Problem ▸ Your answer must restate each entry below word for word, with no pictures in it.

Information shown ▸
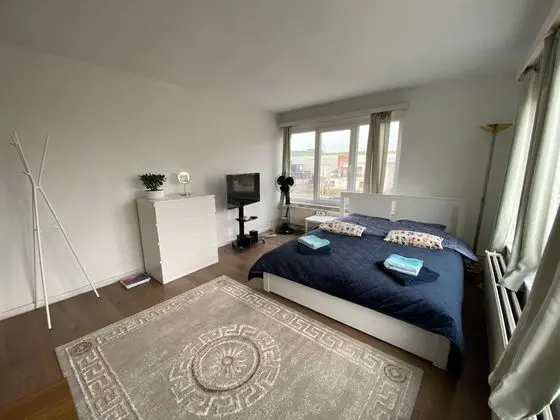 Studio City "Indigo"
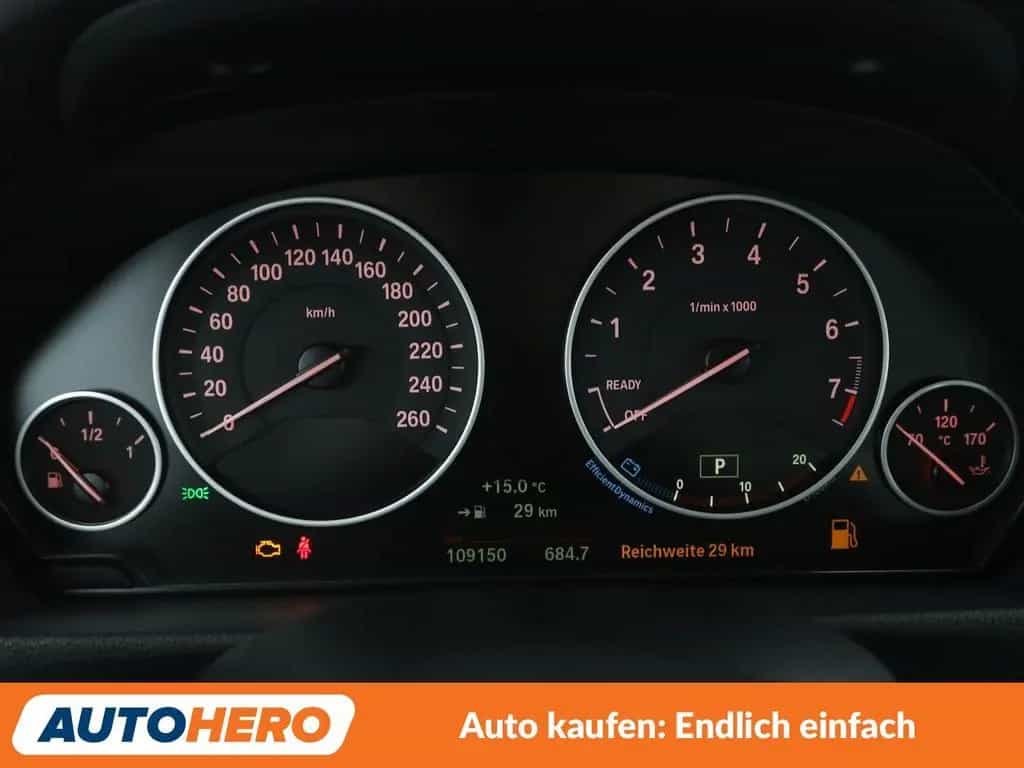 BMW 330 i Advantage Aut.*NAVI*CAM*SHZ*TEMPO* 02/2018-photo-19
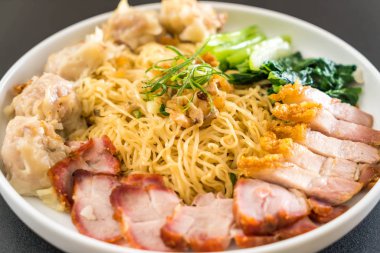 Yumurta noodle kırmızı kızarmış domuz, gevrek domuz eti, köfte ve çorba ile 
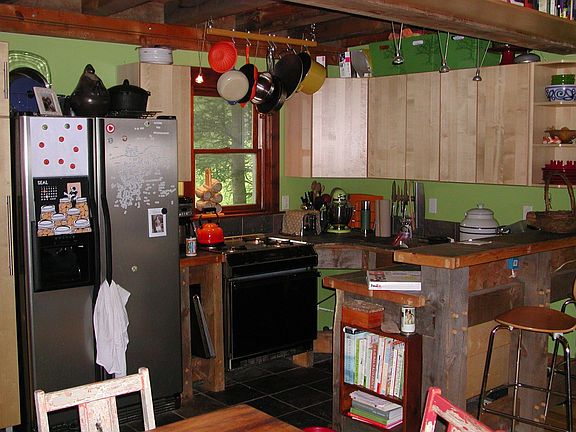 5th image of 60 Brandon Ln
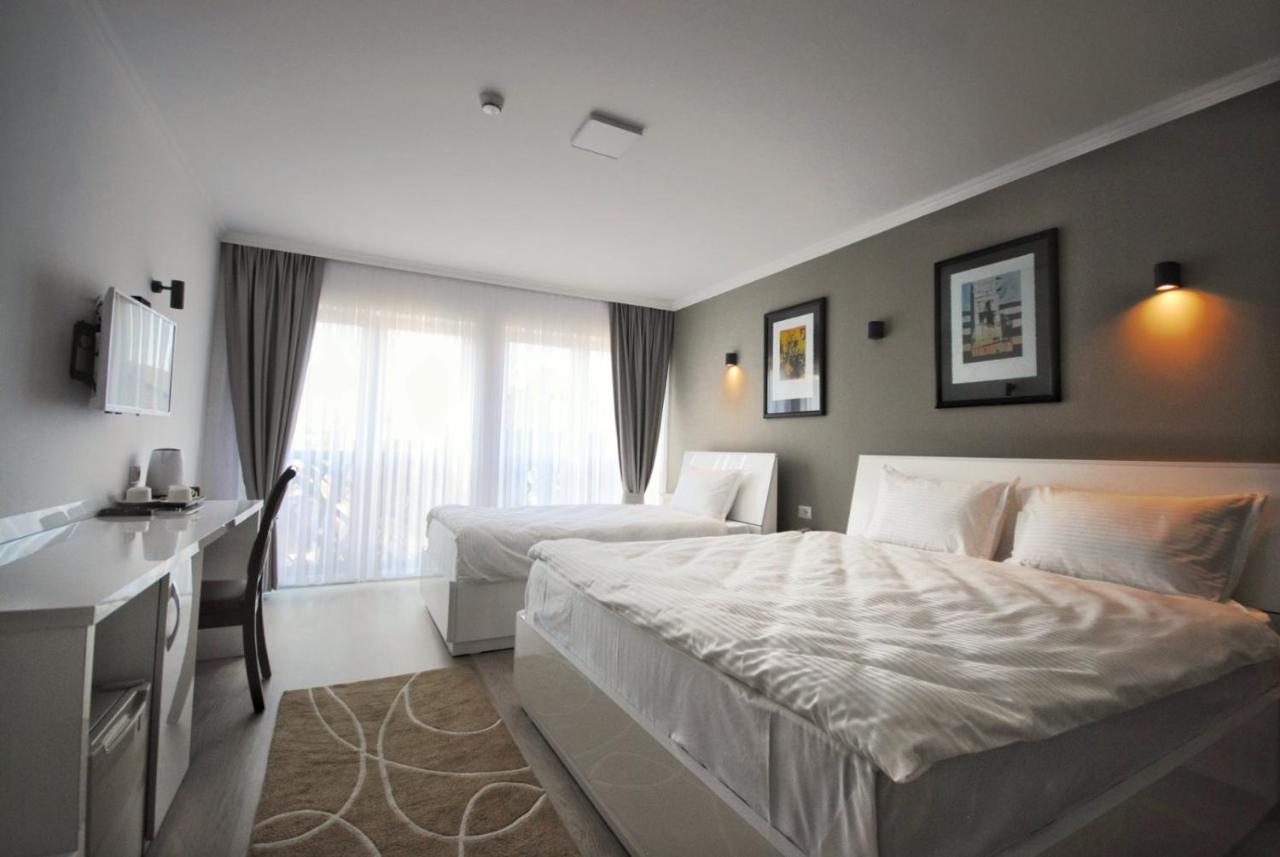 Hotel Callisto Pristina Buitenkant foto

Worked solution ▸
 Studio City "Indigo"
 BMW 330 i Advantage Aut.*NAVI*CAM*SHZ*TEMPO* 02/2018-photo-19
 Yumurta noodle kırmızı kızarmış domuz, gevrek domuz eti, köfte ve çorba ile 
 5th image of 60 Brandon Ln
 Hotel Callisto Pristina Buitenkant foto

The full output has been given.